TASK TO CARRY OUT ▸ Retype, word for word, each line between the lines holding "EDISLIVE Alexander 10-Light" and "RWGSNB Bracelet en", inclusive, and leave the rest of the data alone.

DATA ▸
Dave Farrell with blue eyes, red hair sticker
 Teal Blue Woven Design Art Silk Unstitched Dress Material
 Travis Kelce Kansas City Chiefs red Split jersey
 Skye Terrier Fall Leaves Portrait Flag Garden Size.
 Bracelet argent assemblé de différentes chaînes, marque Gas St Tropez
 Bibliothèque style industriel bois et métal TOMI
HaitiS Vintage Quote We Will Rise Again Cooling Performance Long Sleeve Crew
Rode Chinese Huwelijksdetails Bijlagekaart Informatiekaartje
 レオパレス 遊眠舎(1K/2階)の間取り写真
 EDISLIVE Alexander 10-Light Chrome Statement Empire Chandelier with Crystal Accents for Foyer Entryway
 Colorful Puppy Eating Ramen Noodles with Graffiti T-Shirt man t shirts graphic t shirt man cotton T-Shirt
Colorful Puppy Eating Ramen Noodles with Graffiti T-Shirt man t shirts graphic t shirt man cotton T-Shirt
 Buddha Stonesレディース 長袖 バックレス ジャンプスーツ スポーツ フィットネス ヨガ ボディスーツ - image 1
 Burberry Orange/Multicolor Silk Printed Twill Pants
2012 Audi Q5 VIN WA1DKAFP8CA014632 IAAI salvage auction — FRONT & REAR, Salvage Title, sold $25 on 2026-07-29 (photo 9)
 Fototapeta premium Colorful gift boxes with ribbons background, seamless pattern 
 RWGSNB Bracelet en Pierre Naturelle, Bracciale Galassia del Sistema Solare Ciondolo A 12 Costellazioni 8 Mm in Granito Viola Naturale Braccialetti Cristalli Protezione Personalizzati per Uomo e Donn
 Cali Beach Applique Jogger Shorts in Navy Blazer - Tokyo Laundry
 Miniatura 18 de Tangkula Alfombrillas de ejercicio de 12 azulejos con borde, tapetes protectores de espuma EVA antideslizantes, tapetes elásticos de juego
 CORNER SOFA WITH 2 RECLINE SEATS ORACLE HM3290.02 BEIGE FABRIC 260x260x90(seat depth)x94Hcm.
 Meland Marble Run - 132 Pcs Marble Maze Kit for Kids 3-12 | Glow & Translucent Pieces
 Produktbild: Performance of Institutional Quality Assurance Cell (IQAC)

REPLY TO THE TASK ▸
 EDISLIVE Alexander 10-Light Chrome Statement Empire Chandelier with Crystal Accents for Foyer Entryway
 Colorful Puppy Eating Ramen Noodles with Graffiti T-Shirt man t shirts graphic t shirt man cotton T-Shirt
Colorful Puppy Eating Ramen Noodles with Graffiti T-Shirt man t shirts graphic t shirt man cotton T-Shirt
 Buddha Stonesレディース 長袖 バックレス ジャンプスーツ スポーツ フィットネス ヨガ ボディスーツ - image 1
 Burberry Orange/Multicolor Silk Printed Twill Pants
2012 Audi Q5 VIN WA1DKAFP8CA014632 IAAI salvage auction — FRONT & REAR, Salvage Title, sold $25 on 2026-07-29 (photo 9)
 Fototapeta premium Colorful gift boxes with ribbons background, seamless pattern 
 RWGSNB Bracelet en Pierre Naturelle, Bracciale Galassia del Sistema Solare Ciondolo A 12 Costellazioni 8 Mm in Granito Viola Naturale Braccialetti Cristalli Protezione Personalizzati per Uomo e Donn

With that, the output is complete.